Macron Set To Lose His Majority As French Workers Vote Socialist!


PRESIDENT Emmanuel Macron is set to lose his outright majority after a strong challenge from a coalition of left-wing parties in National Assembly elections. Socialist Jean-Luc Melenchon, leading the left-Green alliance, finished neck-and-neck with Macron’s Ensemble (Together) alliance, in terms of votes cast in Sunday’s first round.

The president now faces a major battle in the second round on June 19th to win 289 seats and keep his majority.

Within half an hour of the first projection of the result, a confident Jean-Luc Melenchon announced his alliance was in the lead: ‘The truth at the end of the first round is that the presidential party is beaten and defeated.’ He called on voters to turn out in force next Sunday ‘to reject definitively the disastrous policies of Macron’s majority’.

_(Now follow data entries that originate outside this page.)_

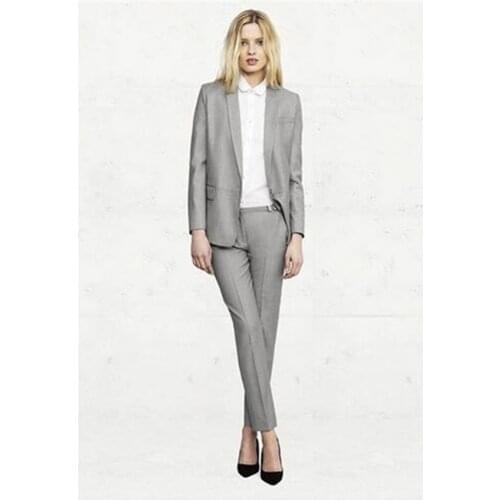 Custom Made Grey 2 Piece Set Women Business Pantsuits Office Formal Uniform Ladies Work Wear Blazer Outfit Pantsuit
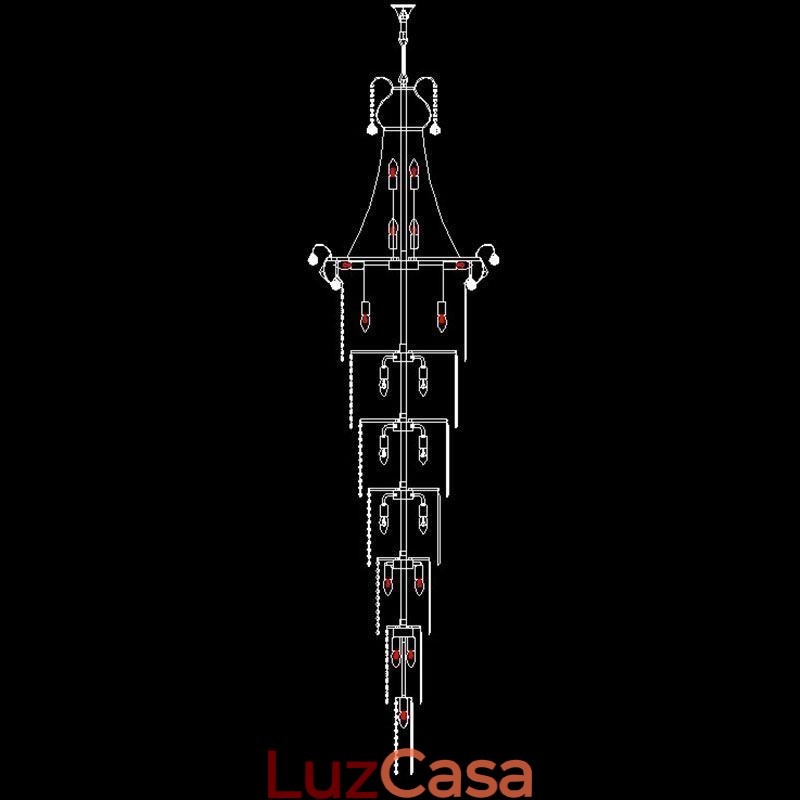 Lustre de cristal europeu com pingente longo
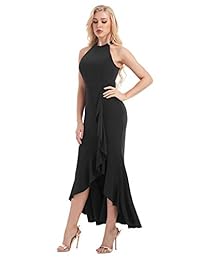 ANGGREK Vestido largo formal de noche para mujer, cuello halter, con volantes, para cóctel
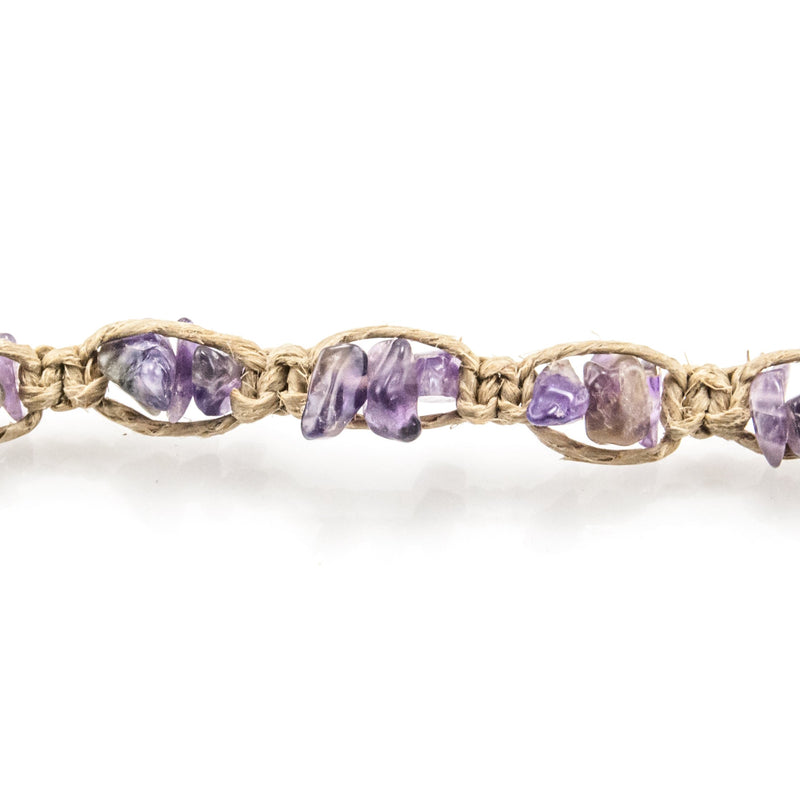 [Australia] - BlueRica Braided Hemp Cord Anklet Bracelet with Semi Precious Gemstone Chips (Amethyst)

President Emmanuel Macron won a second term in April, but without a majority in the Assembly he will not be able to push through his anti-working class and anti- middle class ‘reforms’.

He plans to gradually raise the retirement age from 62 to 65. However, Socialist leader Melenchon has vowed to lower it to 60.

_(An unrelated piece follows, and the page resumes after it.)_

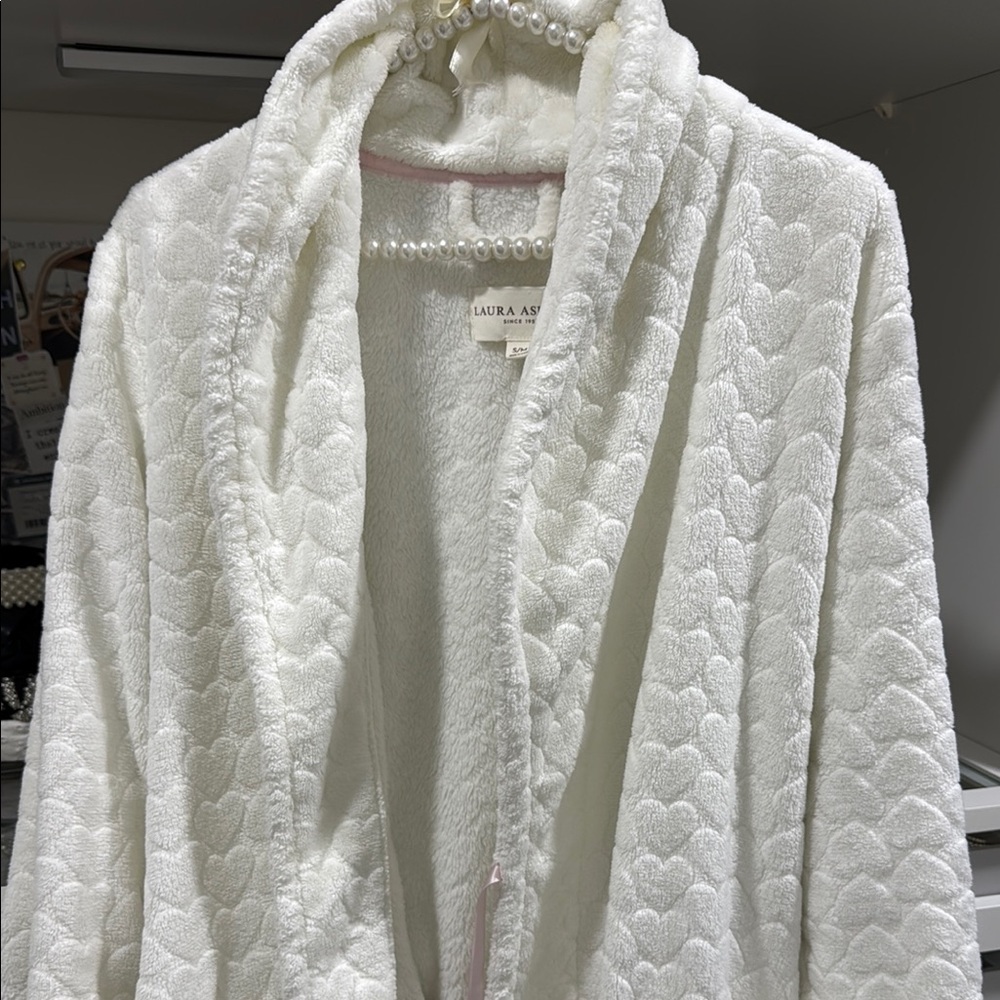 Laura Ashley White Heart Patterned Robe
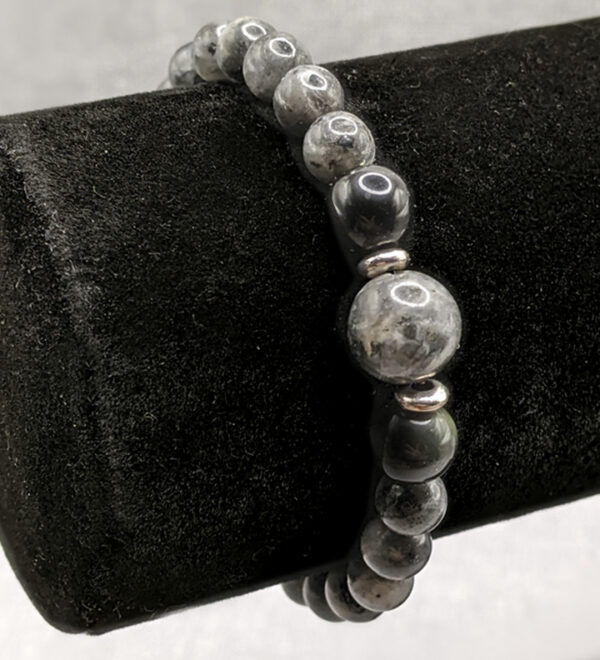 Larvikite and Obsidian Bracelet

Although Macron’s Ensemble alliance won 25.75% of the vote – marginally ahead of the left’s 25.66% – Jean-Luc Melenchon, leader of the ‘NUPES’ (Nouvelle Union Populaire Ecologique et Sociale) a coalition of Leftist and Ecologist parties, has proven to be a very popular candidate.

He came a close third in the presidential election. He has built an alliance made up of his own left party France Unbowed, the Socialists, Communists and Greens – under the slogan ‘Melenchon prime minister’.

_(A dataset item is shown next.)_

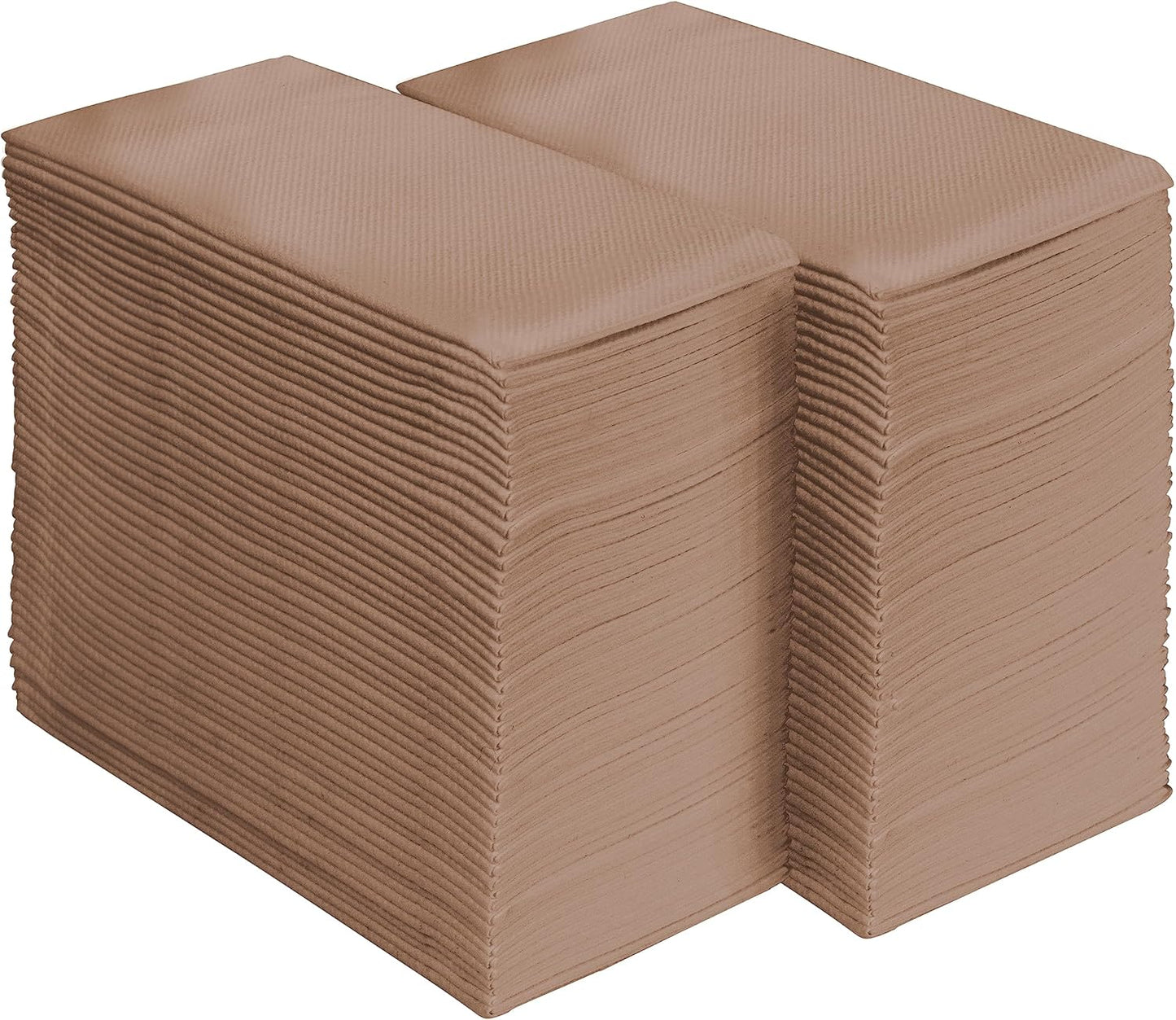 AMERICAN HOMESTEAD Paper Napkins - Light Brown Disposable Linen-Like Dinner Napkins - Restaurant-Quality Table Serviettes for Weddings, Parties, and Events - 15.75" x 15.75" - 50 Count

His aim has been to stop the president winning the majority he needs across France’s 577 constituencies.

On top of lowering the retirement age, Nupes vows to freeze prices on 100 essentials and create a million jobs.

Macron had spent the intervening weeks since he won a second term in building a new government under Elisabeth Borne, as French workers and their trade unions grapple with fast rising inflation and a cost of living crisis that threatens millions of households with a poverty existence.

Yesterday Borne, Macron’s Prime Minister, said the government had one week to convince voters and win a majority! Pointing to Russia’s military operation in Ukraine, she said: ‘We cannot risk instability’. France’s values were at risk, she said, claiming: ‘We alone have a project of coherence and responsibility.’ Borne is one of 15 ministers who have to win their seats in the second round to stay in government. Each constituency is an individual local race.

Amélie de Montchalin, the minister in charge of green transition, faces a battle to survive as an MP, as does Europe Minister Clement Beaune. Former Macron education minister Jean-Michel Blanquer was an early casualty, losing out in the Loiret area south of Paris.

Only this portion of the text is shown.